Vanishing of a product of cyclotomic polynomials in characteristic 2

Question

Let $n$ be a positive integer and $1\leq j\leq n$. Consider the following polynomial:

$$p_{n,j}(x)=\frac{\prod\limits_{i=1}^{n+1}\frac{x^{i}+1}{x+1}}{\prod\limits_{i=1}^{j}\frac{x^{i}+1}{x+1}\prod\limits_{i=1}^{n-j+1}\frac{x^{i}+1}{x+1}}\in\mathbb{F}[x]$$

This polynomial can be computed for each $j,n$ given. What I want to do is to understand in which cases $p(1)=0$ and in which cases $p(1)=1$ when working over a field $\mathbb{F}$ of characteristic $2$. I checked some cases by hand and this is what I got: $$p_{2,1}(1)=p_{2,2}(1)=1$$ $$p_{3,1}(1)=p_{3,2}(1)=p_{3,3}(1)=0$$ $$p_{4,1}(1)=p_{4,4}(1)=1~~p_{4,2}(1)=p_{4,3}(1)=0$$ $$p_{5,2}(1)=p_{5,4}(1)=1~~p_{5,1}(1)=p_{5,3}(1)=p_{5,5}=0$$ $$p_{6,1}(1)=p_{6,2}(1)=p_{6,3}(1)=p_{6,4}(1)=p_{6,5}(1)=p_{6,6}(1)=1$$ So apparently there is no easy pattern. It is also easily expressible as a product of cyclotomic polynomials, but I'm not sure if this is of any help. I would like (if possible) to have a way to know if $p_{n,j}(1)=0$ or $p_{n,j}(1)=1$ just in terms of $n$ and $j$.

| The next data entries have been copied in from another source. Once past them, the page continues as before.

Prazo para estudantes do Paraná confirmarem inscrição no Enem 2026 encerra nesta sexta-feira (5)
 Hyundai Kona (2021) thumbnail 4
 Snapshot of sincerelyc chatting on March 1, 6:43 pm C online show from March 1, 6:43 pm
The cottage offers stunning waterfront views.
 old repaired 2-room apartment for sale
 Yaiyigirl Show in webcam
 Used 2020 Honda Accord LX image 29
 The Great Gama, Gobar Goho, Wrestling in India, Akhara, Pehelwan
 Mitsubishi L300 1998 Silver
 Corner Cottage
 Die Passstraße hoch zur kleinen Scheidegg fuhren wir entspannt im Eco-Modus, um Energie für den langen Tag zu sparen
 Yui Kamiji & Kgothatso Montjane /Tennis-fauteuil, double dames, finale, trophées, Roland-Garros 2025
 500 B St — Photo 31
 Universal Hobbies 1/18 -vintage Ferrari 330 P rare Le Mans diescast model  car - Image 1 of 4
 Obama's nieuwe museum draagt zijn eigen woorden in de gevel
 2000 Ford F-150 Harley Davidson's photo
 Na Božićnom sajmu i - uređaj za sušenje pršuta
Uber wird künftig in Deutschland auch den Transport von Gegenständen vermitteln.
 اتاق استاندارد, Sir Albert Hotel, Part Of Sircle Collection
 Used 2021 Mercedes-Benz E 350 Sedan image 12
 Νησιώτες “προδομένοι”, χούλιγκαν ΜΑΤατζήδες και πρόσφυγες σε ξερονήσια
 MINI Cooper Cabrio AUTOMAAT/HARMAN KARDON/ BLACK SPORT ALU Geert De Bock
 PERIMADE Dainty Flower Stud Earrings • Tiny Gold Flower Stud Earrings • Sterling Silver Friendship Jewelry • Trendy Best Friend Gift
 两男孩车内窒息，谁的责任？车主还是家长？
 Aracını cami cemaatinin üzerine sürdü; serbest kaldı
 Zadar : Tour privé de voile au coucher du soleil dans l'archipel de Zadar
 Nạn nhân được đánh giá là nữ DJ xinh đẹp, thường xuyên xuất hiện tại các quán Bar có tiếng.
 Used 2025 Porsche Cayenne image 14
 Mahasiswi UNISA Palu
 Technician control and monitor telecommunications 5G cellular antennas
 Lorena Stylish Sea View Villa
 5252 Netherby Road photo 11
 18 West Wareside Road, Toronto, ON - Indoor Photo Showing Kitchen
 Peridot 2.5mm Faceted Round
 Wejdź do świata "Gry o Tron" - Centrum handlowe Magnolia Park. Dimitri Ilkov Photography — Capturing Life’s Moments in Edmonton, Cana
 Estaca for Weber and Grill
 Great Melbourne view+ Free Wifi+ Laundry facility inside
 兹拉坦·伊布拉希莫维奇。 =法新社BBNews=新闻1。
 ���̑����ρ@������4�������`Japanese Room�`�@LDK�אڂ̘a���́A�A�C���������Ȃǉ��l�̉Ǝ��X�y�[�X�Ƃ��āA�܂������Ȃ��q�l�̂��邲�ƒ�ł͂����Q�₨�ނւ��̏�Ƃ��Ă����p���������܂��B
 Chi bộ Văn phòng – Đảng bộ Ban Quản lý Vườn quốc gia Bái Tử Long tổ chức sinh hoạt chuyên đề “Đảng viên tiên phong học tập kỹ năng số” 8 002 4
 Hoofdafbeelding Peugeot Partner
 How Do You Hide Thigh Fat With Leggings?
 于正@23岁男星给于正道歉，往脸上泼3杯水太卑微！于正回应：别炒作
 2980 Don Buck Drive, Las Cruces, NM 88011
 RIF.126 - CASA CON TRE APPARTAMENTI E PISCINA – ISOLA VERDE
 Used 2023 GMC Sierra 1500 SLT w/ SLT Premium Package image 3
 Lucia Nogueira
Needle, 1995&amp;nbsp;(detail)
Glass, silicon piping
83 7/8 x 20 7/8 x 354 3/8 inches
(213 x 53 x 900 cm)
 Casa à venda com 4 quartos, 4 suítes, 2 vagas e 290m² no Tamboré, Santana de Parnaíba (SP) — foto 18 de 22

If you are courious, these are the coefficients that has appeared in the computation of the homology groups of a certain family of Artin groups. I want to understand the behaviour of these polynomials over a field of characteristic $2$ in $x=1$ because this is the situation where I can assure that the homology groups are infinite dimensional.

Thanks for your help.

Answer 1

Claim: $p_{n,j}(1)$ vanishes modulo $2$ if and only there is a carry when adding $j$ and $n+1-j$ in base-$2$.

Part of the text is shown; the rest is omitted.